The Darkest Part of the Forest
by Holly Black
“Faeries. Knights. Princes. True love. Think you know how the story goes? Think again.
Near the little town of Fairfold, in the darkest part of the forest, is a glass casket. Inside lies a sleeping faerie prince that none can rouse. He’s the most fascinating thing Hazel and her brother Ben have ever seen.
They dream of waking him – but what happens when dreams come true?
In the darkest part of the forest, you must be careful what you wish for…”
I knew nothing about The Darkest Part of the Forest before reading it, as I have the what is out so far of the Magisterium series (The Iron Trial, The Copper Gauntlet, The Bronze Key), I wanted to read everything else Holly Black has written, and I thought I would start here.
In a clearing in the forest, there is a glass casket with a sleeping prince inside, where the local children party. Faeries prank and steal away tourists. Ben and Hazel used to roam the forest fighting faeries, but life put a stop to that. One day, the sleeping prince is woken up and everything changes.
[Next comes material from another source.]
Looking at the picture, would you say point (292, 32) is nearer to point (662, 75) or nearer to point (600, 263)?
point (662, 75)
Oh my gosh! How do I describe this book? It was incredible, awesome, funny, scary, sad, literally everything rolled into one! It hooked me on the first line and I read it in one afternoon. It was a nice easy read, but with a lot of action and suspense packed in.
I cannot pick one bit that was better than the others, but I did really enjoy a lot of the second half, I was about to give an example and realised it was in the second half (I am not ruining it for you!).
My favourite characters were Hazel, Ben, Jack and Severin. I loved finding out backstories for each of them, including how the faeries influence their lives and how they are entwined. I also like how the relationships develop and when something comes out the relationship changes.
The Darkest Part of the Forest does not end on a cliffhanger, as everything is wrapped up, but I would love to go back into that universe.
While reading this book, I described it as a town living with faeries and how they get on when everything changes. I would recommend it to anyone. 5 out of 5.